* SOURCE MATERIAL
============================================================
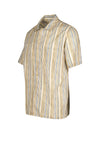 Linen & Cotton Striped Fancy Shirt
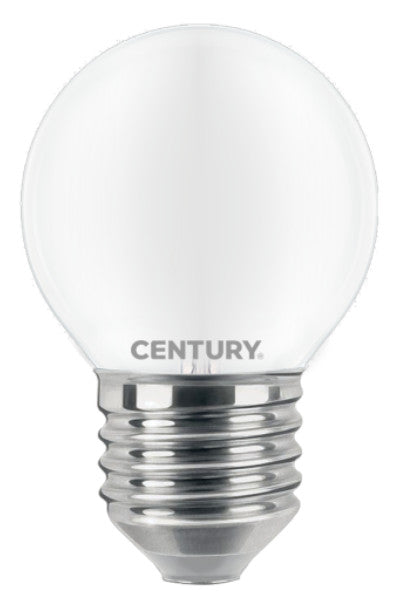 Lamp. filamento LED Incanto Saten sfera 6W - E27 - 3000K 806Lm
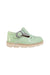 A Green Sandals from Petasil in size 12-18M for girl. (Back View)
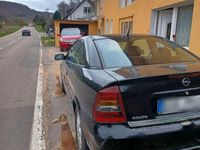 Second-hand Opel Astra 125 CP (91 kW) 2004 Negru Coupe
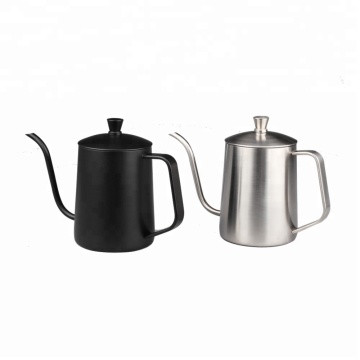 Stainless Steel Long Narrow Spout Coffee Pot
============================================================
* PROBLEM DETAILS
Set out, exactly as given, the line that contains "Lamp. filamento LED" along with each line after it through the end of the records above; omit the pictures.

* TASK OUTPUT
 Lamp. filamento LED Incanto Saten sfera 6W - E27 - 3000K 806Lm
 A Green Sandals from Petasil in size 12-18M for girl. (Back View)
 Second-hand Opel Astra 125 CP (91 kW) 2004 Negru Coupe
 Stainless Steel Long Narrow Spout Coffee Pot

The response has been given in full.